[23] Misunderstanding

549 31 14
                                    

Nathaniel Kim sedang membaca salah satu novel ber-genre dystopia-nya di meja belajar saat tiba-tiba ia teringat akan ponselnya. Tangannya yang satu menyangga novel sedangkan yang lain meraba-raba meja. Lalu laki-laki itu ingat bahwa ia belum mengaktifkan ponselnya dari kemarin, tidak sama sekali.

Nathaniel menghela nafas panjang sebelum menaruh pembatas buku di antara lembar yang tengah ia baca. Sudah mencapai setengah novel, rupanya. Laki-laki itu beranjak dari duduknya, menuju nakas yang berada di sebelah tempat tidurnya.

Membuka laci, ia menemukan ponselnya tergeletak dengan layar hitam. Nathaniel mengambil ponselnya lalu membawa benda itu bersamanya kembali ke meja belajar.

Ia menekan lama sebuah tombol yang berfungsi untuk mengaktifkan ponselnya namun layar ponselnya tetaplah hitam. Kontan hal ini membuat Nathaniel mengernyitkan keningnya. Sesaat ia terdiam menatap ponselnya sebelum akhirnya berdiri lagi dan membuka laci nakasnya. Ia mengambil charger kemudian cepat-cepat menyambungkan charger tersebut dengan ponselnya, sebelum ia menyolokkan charger di stop kontak.

Selagi menunggu ponselnya ter-charge hingga sepuluh persen, Nathaniel kembali melanjutkan aktivitas membacanya. Halaman demi halaman ia balik sehingga ia telah menyelesaikan sepuluh halaman selama dua puluh menit.

Nathaniel kini meraih ponselnya dan menghidupkannya. Tak berapa lama, wallpaper ponselnya muncul. Nathaniel membuka bar notifikasi setelah menunggu beberapa saat.

Cukup banyak pesan yang masuk, kebanyakan menanyakan tentang pelajaran. Maklum, Nathaniel dan teman seangkatannya naik ke kelas dua belas, yaitu kelas penentuan. Jadi Nathaniel mengerti bila teman-temannya banyak bertanya dan mulai belajar dari sekarang.

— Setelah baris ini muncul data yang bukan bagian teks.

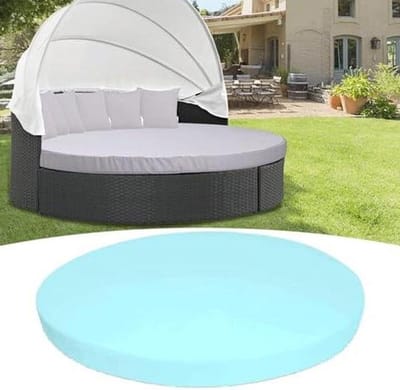 Daybed Kussenhoes - Ronde Hoes - Buitenmeubels Beschermen - Elastische Band - 66 Inch - Blauw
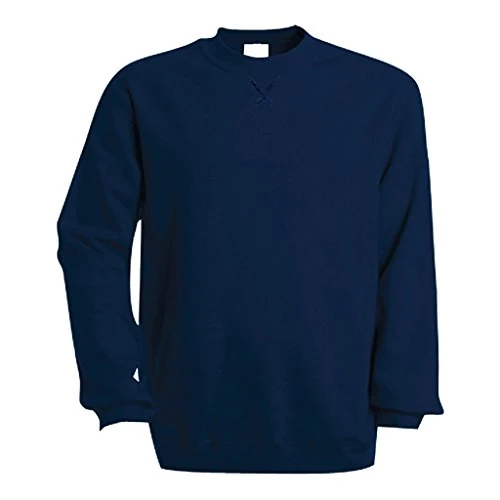 Mens Plain Crew Neck Sweatshirt (XL) (Navy)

Sambil tangan kanannya mengambil salah satu buku pelajaran, ia membuka chat yang masuk satu per satu. Ia mulai membuka bukunya dan mencari penjelasan dari beberapa soal yang telah ia lupakan.

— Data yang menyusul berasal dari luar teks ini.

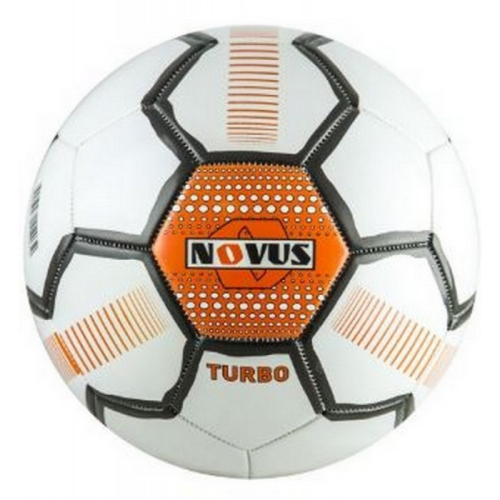 Мяч ф/б NOVUS TURBO, PVC, бел/чёрн/оранж., р.5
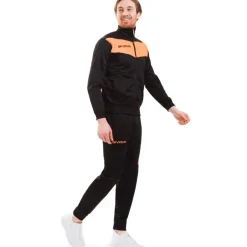 Givova Tuta Visa Chándal negro / naranja neón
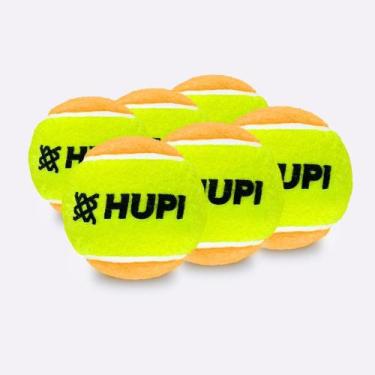 Imagem de Bola de Beach Tennis HUPI Pro Pack 06 Unidades, Amarelo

Sesudah membalas semua pesan yang berkaitan dengan pelajaran, Nathaniel mulai membuka pesan yang masuk tentang pergaulan sehari-hari. Beberapa teman dari tim basketnya juga bertanya apakah ia akan masuk ekstrakulikuler basket lagi atau tidak, yang tentu saja dijawab Nathaniel dengan kata "Masih". Walaupun ia sudah mengikuti kelas olahraga di sekolah dan setiap dua minggu mengunjungi gym, Nathaniel tetap merasa bahwa tubuhnya perlu untuk lebih bugar dari ini.

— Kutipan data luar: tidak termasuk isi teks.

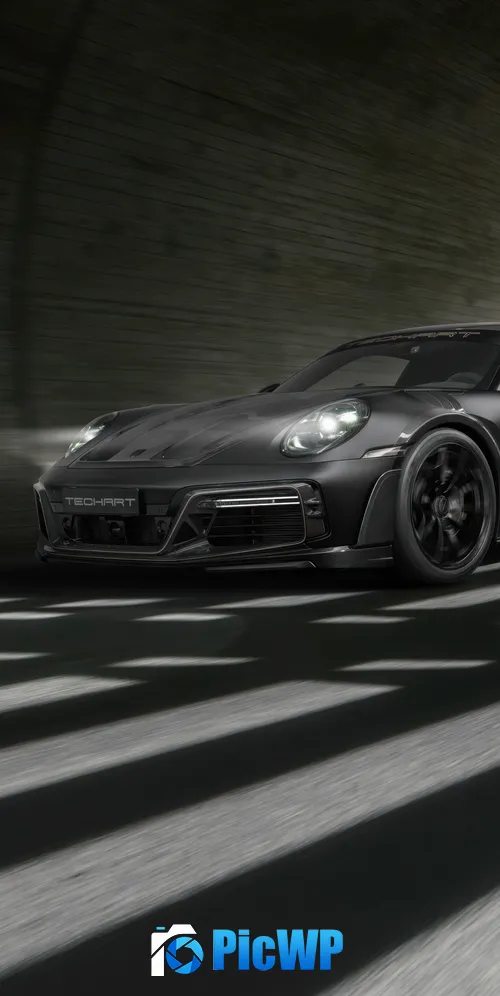 Techart GTstreet R Monochrome 2024 3K Mobile Wallpaper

Saat semua pesan tersebut telah terjawab, Nathaniel mengerutkan keningny ketika tidak menemukan obrolan di group chat yang berisikan teman-teman dekatnya. Sontak Nathaniel mengerti kenapa tidak ada yang memulai obrolan, terkhususnya Revano dan Carvel yang selalu meramaikan group tersebut.

Nathaniel terdiam sejenak, memandangi ponselnya. Novel yang ia baca tadi ia singkirkan, mengembalikannya di susunan novel-novelnya. Ia menggulir layar ponselnya lalu menghapus chats yang sudah dibaca dan tidak memiliki kepentingan dengannya.

Sampai akhirnya ia berhenti pada satu nama. Satu-satunya personal chat yang tersisa. Nathaniel sudah tergoda untuk menghapusnya namun jari jempolnya malah membuka chat tersebut, alih-alih menekan tombol bersimbol tong sampah.

Lalu Nathaniel kembali menatap lama layar ponselnya. Memikirkan apa yang harus ditulisnya. Atau, ia tidak perlu menuliskan apa pun? Akhirnya jemarinya bergerak untuk mengetik.

Hey.

Membaca ulang satu kata yang baru saja diketiknya, Nathaniel menggelengkan kepalanya. Tidak, kata "hey" terlalu santai dan jatuhnya seperti Nathaniel hanya main-main dua hari yang lalu. Ia menghapus kata tersebut lalu menopang dagu.

Ia mengetik lagi. Armelle?

Mengerutkan dahinya ketika ia baca ulang, Nathaniel cepat-cepat menghapus kembali. Setelah semua yang terjadi, ia hanya mampu menulis nama gadis itu? Terlalu kasual, sama seperti kata yang sebelumnya ia tuliskan. Lagipula, apa yang akan ia jawab kalau Armelle membalas?